DC4.2-BFH"Case Study of Innovation Management for Edge AI Hardware Design Flow"
Xiangrui Zeng
Recruiting institution: Institute of Applied Data Science & Finance (IADSF), Bern University of Applied Sciences, Switzerland
Supervisors: Prof. Christian Hopp, Prof. Branka Hadji Misheva & Dr. Gernot Pruschak
Cross-sectoral co-supervisor: Prof. Alessandra Colombelli & Dr. Alessandra Neri
Recruitment period: 01.06.2025 – 31.05.2028 (36 months)

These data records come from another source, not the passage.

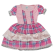 J227 - Vestido Laura Baby Sem Bermuda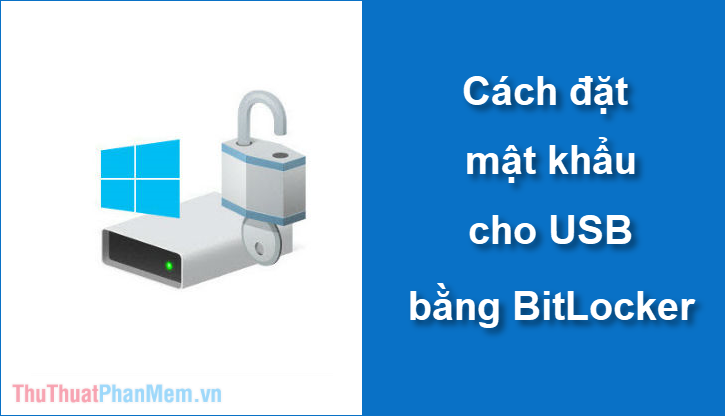 How to set a password for the USB with Bitlocker Picture 1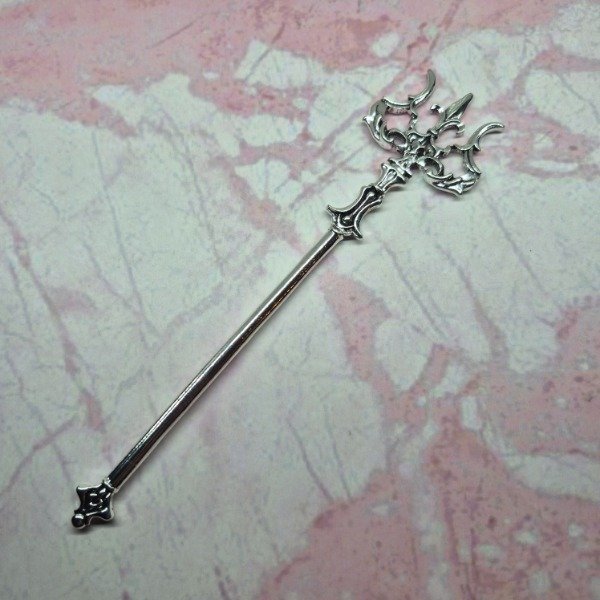 Producto - Horquilla para pelo Tridente Poseidón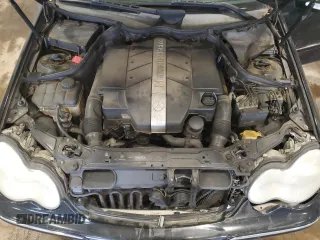 2004 Mercedes-Benz C 240 с VIN WDBRF61J94A603690, выставлен на аукционе Copart как лот 47736335 с пробегом 177 050 миль миль и Списание • Salvage title. История ставок и продаж доступна на DreamBid. Изображение 11.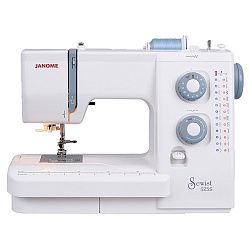 Швейная машина JANOME Sewist 525S
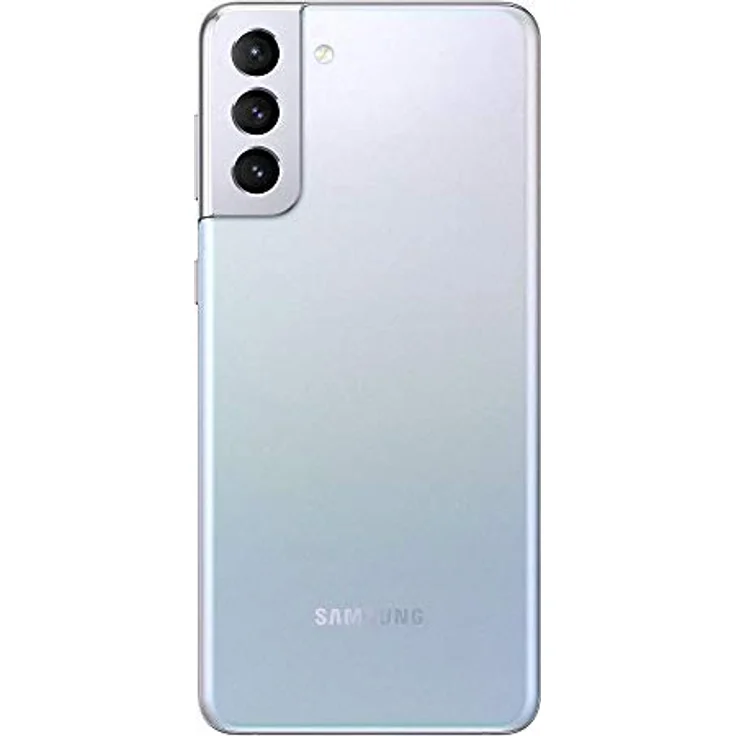 SAMSUNG Galaxy S21 5G - Smartphone 128GB, 8GB RAM, Dual SIM, Silver – Bild 3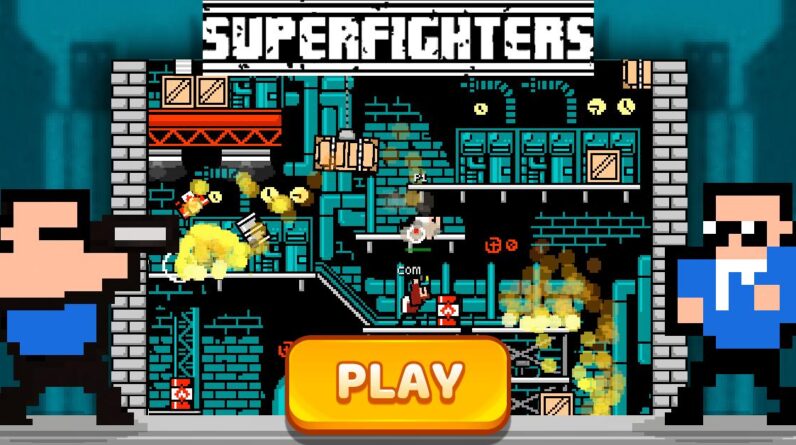 How to Play the Game Superfighters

PhD studies: Bern University of Applied Sciences, Switzerland
DC background
Xiangrui Zeng got his master’s degree in business administration at Xi’an Jiaotong University in the PR China. His main research interests are in Innovation and Entrepreneurship. During his studies, he built a solid academic foundation as supported by his got excellent grade and by winning the following prizes: national scholarship, special academic scholarship, excellent graduate cadres, outstanding university graduates of the Sichuan province, and winner of the Challenge Cup for college students in the Sichuan province. Moreover, the case study “Building a Sharing Platform for Fast Repair of Catering Equipment in Catering Enterprises: The Entrepreneurial Path of Zao Wang Bang” conducted during his Master studies was honored as one of the 100 Best Cases by China Management Case Center in 2022. He also had already published a research paper entitled “Employee stock ownership plans and corporate environmental, social, and governance performance: Evidence from China” in the Review of Managerial Science during his Master studies. After graduation, he worked as an industry research fellow for nearly 3 years in Hunan Caixin Trust Co., Ltd. and also launched an entrepreneurial program as a co-founder aimed at using large language models to solve pain points in board game instructions. These experiences provided the perfect baseline for starting the PhD in innovation management for edge AI hardware design flow.
Individual research project
The dissertation focuses on the commercialization opportunities arising from innovative edge AI software and hardware solutions. This implies studying and actively engaging in the research and innovation management from early-stage research up to the phase of technology transfer (patenting, spin-offs, etc.) while addressing technical, regulatory, and environmental challenges. Thus, the dissertation addresses an important paradoxical challenge for nowadays researchers and innovators (Owen-Smith & Powell, 2001). After all, existing knowledge of the management R&D&I initiatives is inconclusive in understanding the antecedents of innovation success in interdisciplinary deep-tech research projects like the Edge AI domain due to its limited generalizability (Beck et al., 2022). Especially researchers in Europe who engage in basic research frequently lack an entrepreneurial mindset fostering commercialisation activities (Feenstra et al., 2024). The dissertation therefore theoretically develops and empirically validates an interaction model explaining the antecedents of successful deep-tach commercialisation. The findings will provide valuable implications for innovation and valorisation actions to ensure the successful exploitation of research results by identifying the stakeholders’ groups and commercialisation pathways with the highest capacity for market applications.